Most people surveyed who have lost contact with a close family member said it was either due to an argument (19 per cent), moving house (21 per cent) or because they are too busy to stay in touch (19 per cent). One in five of those all those who lost contact with a relative said rebuilding their relationship was the reason they wanted to get back in touch.
[Read more: The Salvation Army's Family Tracing Service]
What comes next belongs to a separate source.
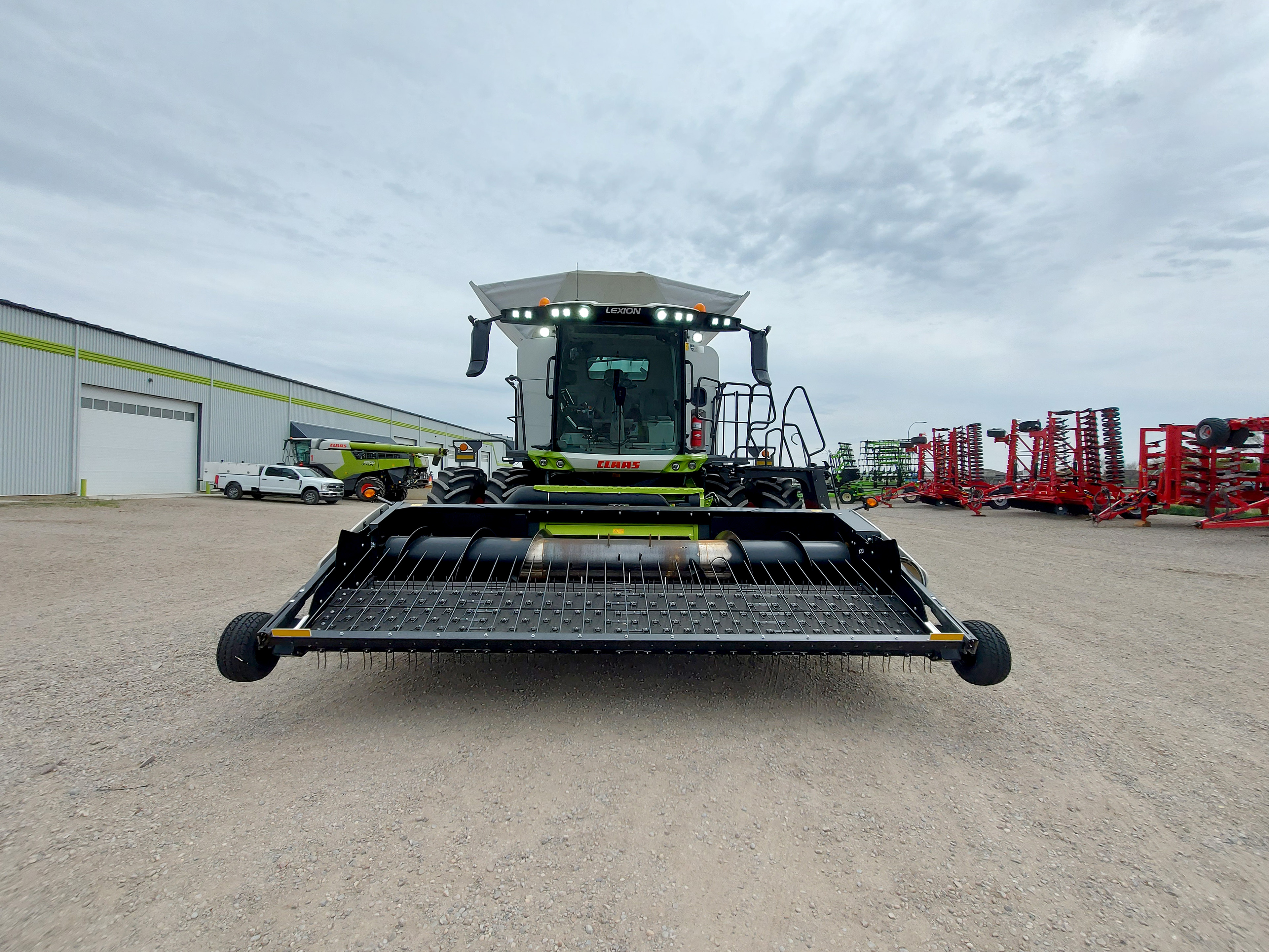 2024 CLAAS LEXION 8700 Combine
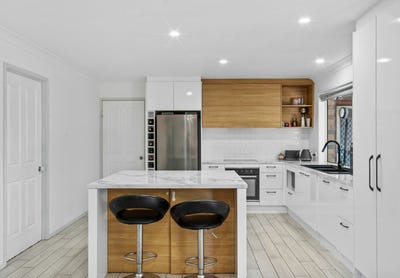 /international/au/4-rosswood-court-helensvale-qld-151422632/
“The Salvation Army Family Tracing Service has been helping relatives find one another for more than 125 years”, Major Hardy adds. “Getting back in contact can be an enriching and life-changing experience. If you have lost touch, don’t delay. It can take as little as a few weeks to find people and it’s often more straight forward than people think.” The survey also revealed gender differences in how those who have close family members they do not live with stay in contact – men are more likely than women to keep in touch by seeing (26 per cent vs. 22 per cent) or phoning their relative (45 per cent vs. 38 per cent). Women, however, stay in touch more regularly than men (63 per cent of females speak to close family members they do not live with at least once a week vs. 51 per cent of males). In fact, whatever their gender, nearly half of all respondents (48 per cent) said text messaging, social media skype and other communication technology made it much easier to stay in touch with close family members. The Salvation Army Family Tracing Service, established in 1885, reunites on average 10 people every working day. The service is international and networks with other Salvation Army centres around the world, to find people in places as far away as South Africa, Australia, and the US.